## Recorded information
Start of Block

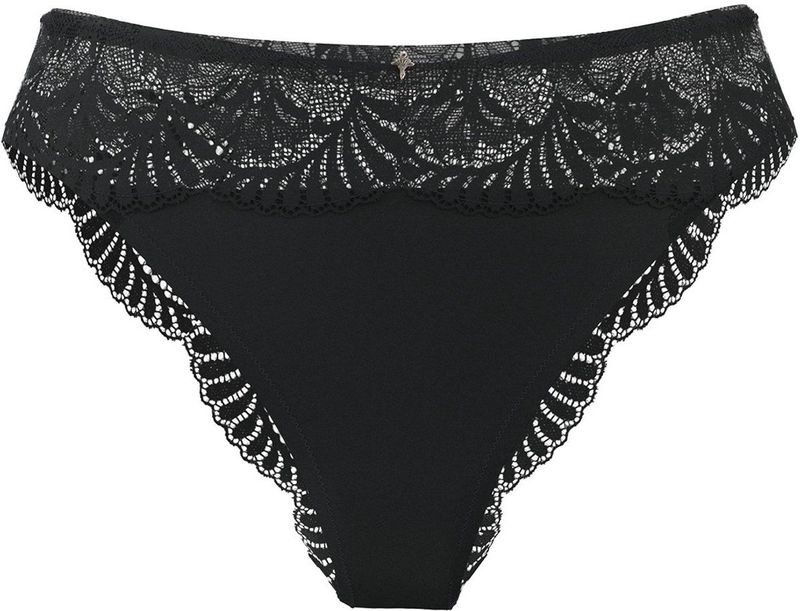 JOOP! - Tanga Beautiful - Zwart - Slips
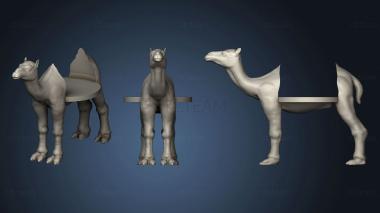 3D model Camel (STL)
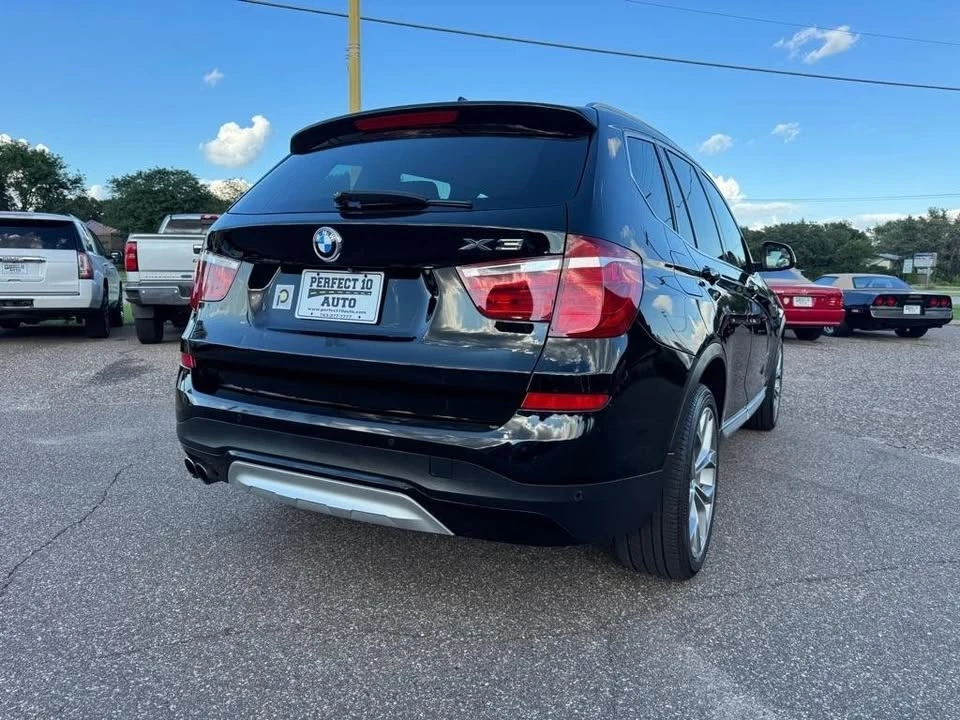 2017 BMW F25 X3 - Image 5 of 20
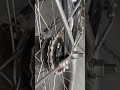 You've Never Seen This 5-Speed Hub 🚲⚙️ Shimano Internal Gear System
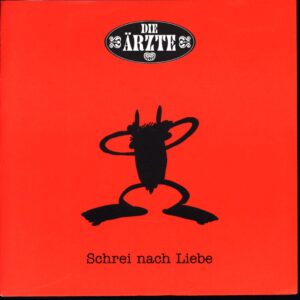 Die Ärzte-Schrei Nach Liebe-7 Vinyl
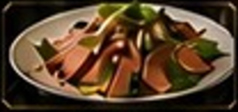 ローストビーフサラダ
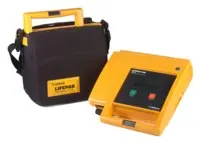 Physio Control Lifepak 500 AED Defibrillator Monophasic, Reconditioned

End of Block
Start of Block

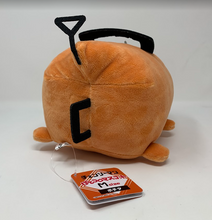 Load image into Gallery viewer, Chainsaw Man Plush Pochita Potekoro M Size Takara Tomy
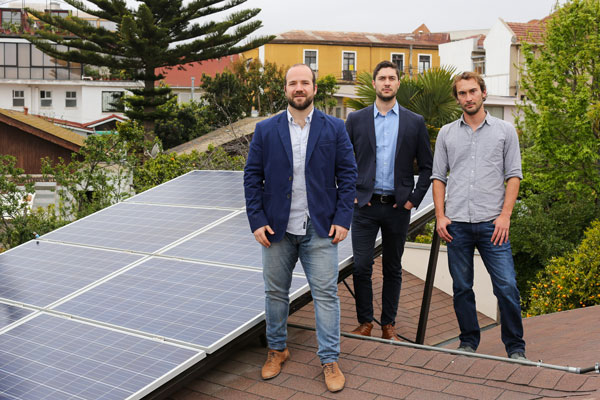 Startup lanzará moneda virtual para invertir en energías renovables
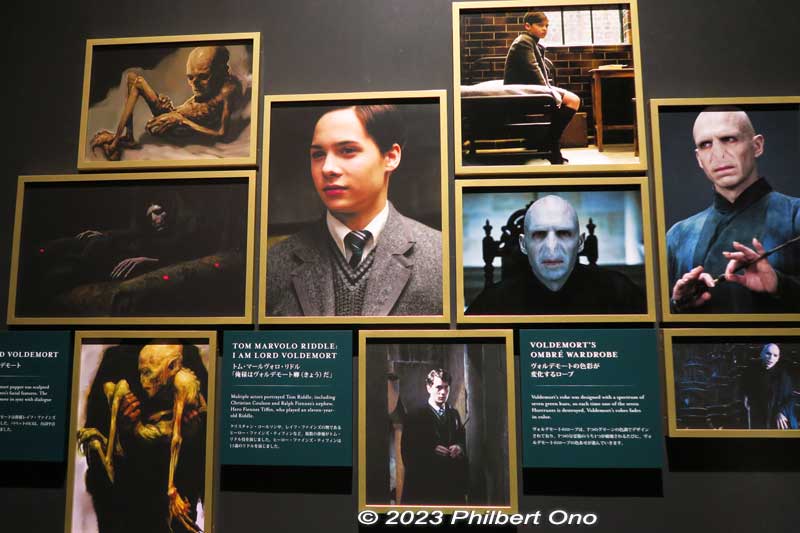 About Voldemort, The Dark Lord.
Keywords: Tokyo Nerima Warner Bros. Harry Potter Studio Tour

End of Block

## Exercise instructions
Of the lines above, quote exactly those from the one with "About Voldemort, The Dark Lord." through the one with "Keywords: Tokyo Nerima", ends included; pictures stay out.

## Task answer
 About Voldemort, The Dark Lord.
Keywords: Tokyo Nerima Warner Bros. Harry Potter Studio Tour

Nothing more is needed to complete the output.